9. Post processing

This is simply a very basic introduction to some of the more widely used useful tools for viewing, checking, and converting UM input and output data. The tools described below all run on the ARCHER2 login nodes.

9.1. xconv

View data

On ARCHER2 go to the output directory of the global job that you ran previously (the one copied from u-cc654). Run xconv on the file ending with, for example, da19880901_04. This file is an atmosphere start file - this type of file is used to restart the model from the time specified in the file header data.

In the directory above is a file whose name ends in .astart; run a second instance of xconv on this file. This is the file used by the model to start its run - created by the reconfiguration program in this case.

The xconv window lists the fields in the file, the dimensions of those fields (upper left panel), the coordinates of the grid underlying the data, the time(s) of the data (upper right panel), some information about the type of file (lower left panel), and general data about the field (lower right panel.)

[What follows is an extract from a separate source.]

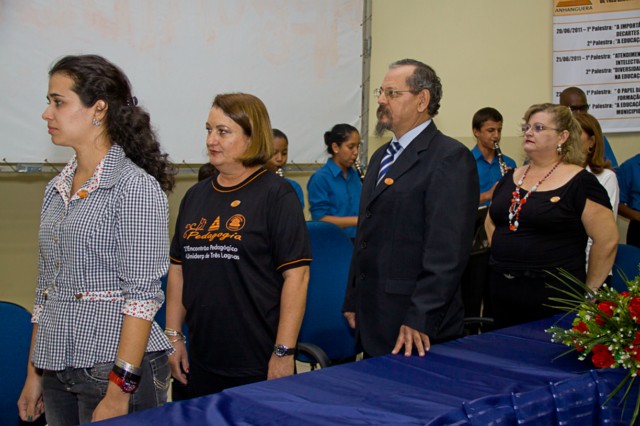 Segundo Encontrão de Pedagogia da Uniderp de Três Lagoas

Both files have the same fields. Double click on a field to reveal its coordinate data. Check the time for this field (select the “t” checkbox in the upper right panel).

Plot both sets of data - click the Plot Data button.

View the data - this shows numerical data values and their coordinates and can be helpful for finding spurious data values.

Convert UM fields data to netCDF

Select a single-level field (one for which nz=1), choose Output format to be Netcdf, enter an “Output file name”, and select Convert. Information relevant to the file conversion will appear in the lower left panel.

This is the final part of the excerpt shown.